* [DIRECTIONS FOR THIS TASK]: In your copy, include every entry exactly as written but no pictures.

* [MATERIAL SHOWN]:
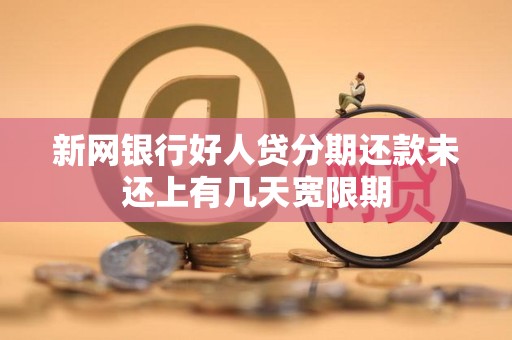 新网银行好人贷分期还款未还上有几天宽限期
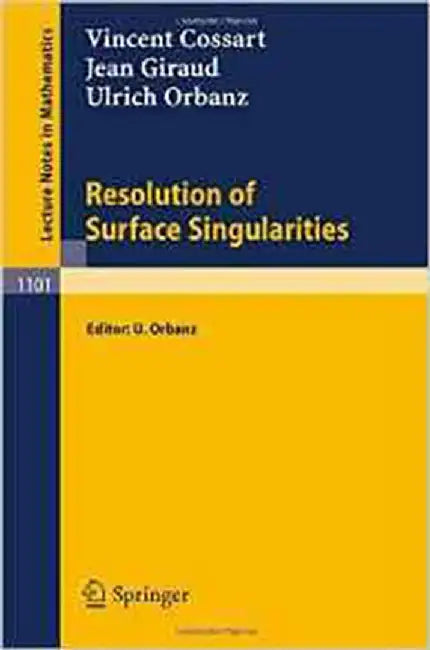 Resolution Of Surface Singularities: Three Lectures (Vol. 1101) by Vincent Cossart, Others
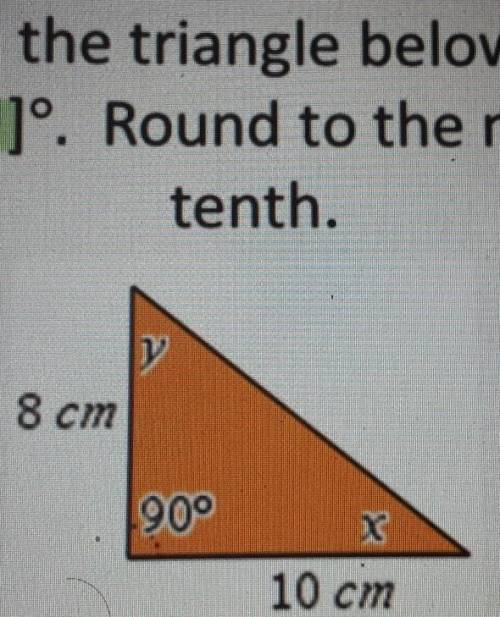In the triangle below, y = [? ]°. Round to the nearest tenth. y 8 cm 90° x 10 cm? plz help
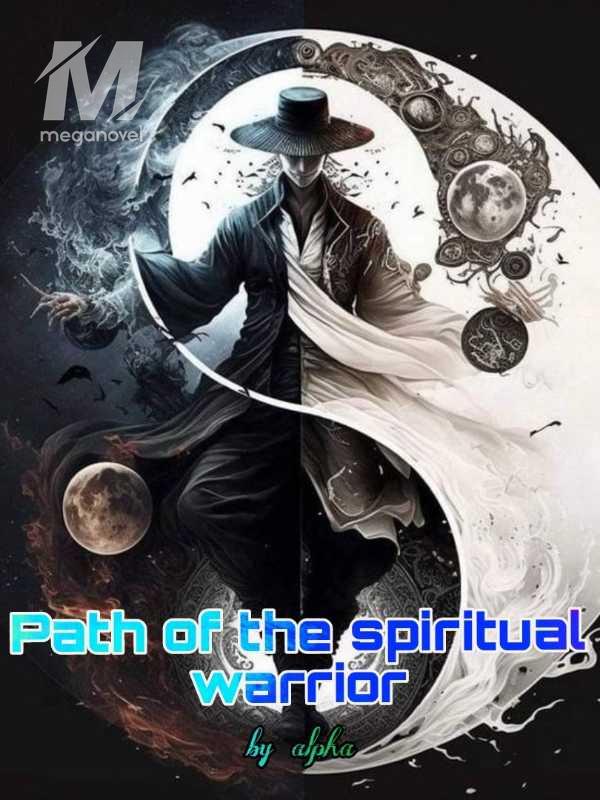 Path of the spiritual warrior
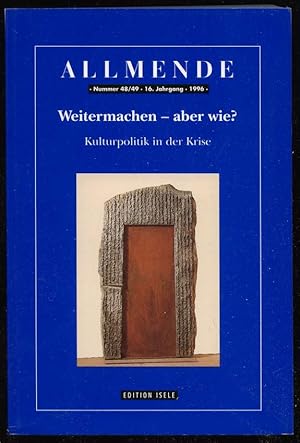 Bild des Verkufers fr Allmende. Nummer 48/49, 16 Jahrgang 1996: Weitermachen, aber wie? Kulturpolitik in der Krise. zum Verkauf von Antiquariat Dennis R. Plummer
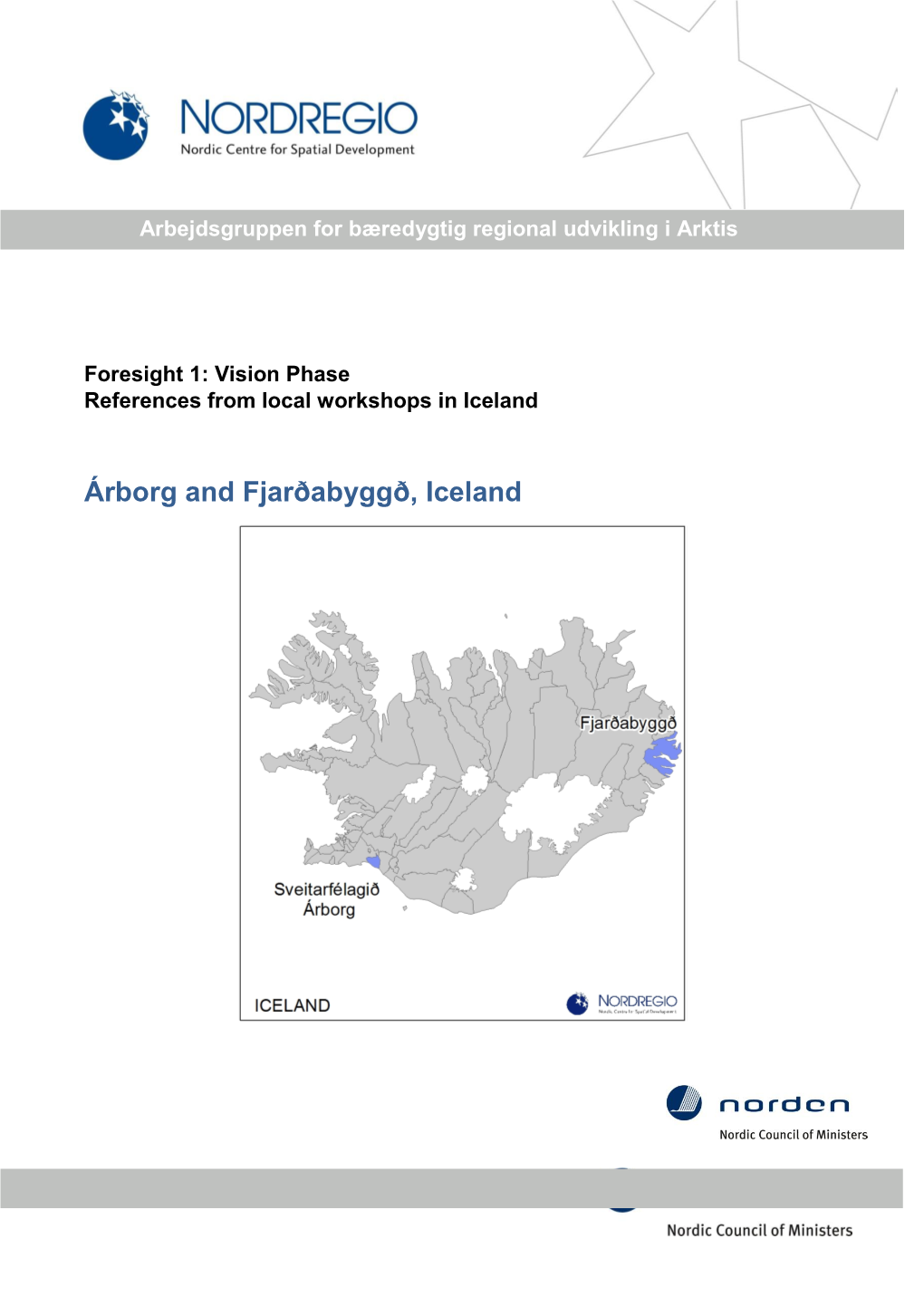 Árborg and Fjarðabyggð, Iceland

* [REPLY]:
 新网银行好人贷分期还款未还上有几天宽限期
 Resolution Of Surface Singularities: Three Lectures (Vol. 1101) by Vincent Cossart, Others
In the triangle below, y = [? ]°. Round to the nearest tenth. y 8 cm 90° x 10 cm? plz help
 Path of the spiritual warrior
 Bild des Verkufers fr Allmende. Nummer 48/49, 16 Jahrgang 1996: Weitermachen, aber wie? Kulturpolitik in der Krise. zum Verkauf von Antiquariat Dennis R. Plummer
 Árborg and Fjarðabyggð, Iceland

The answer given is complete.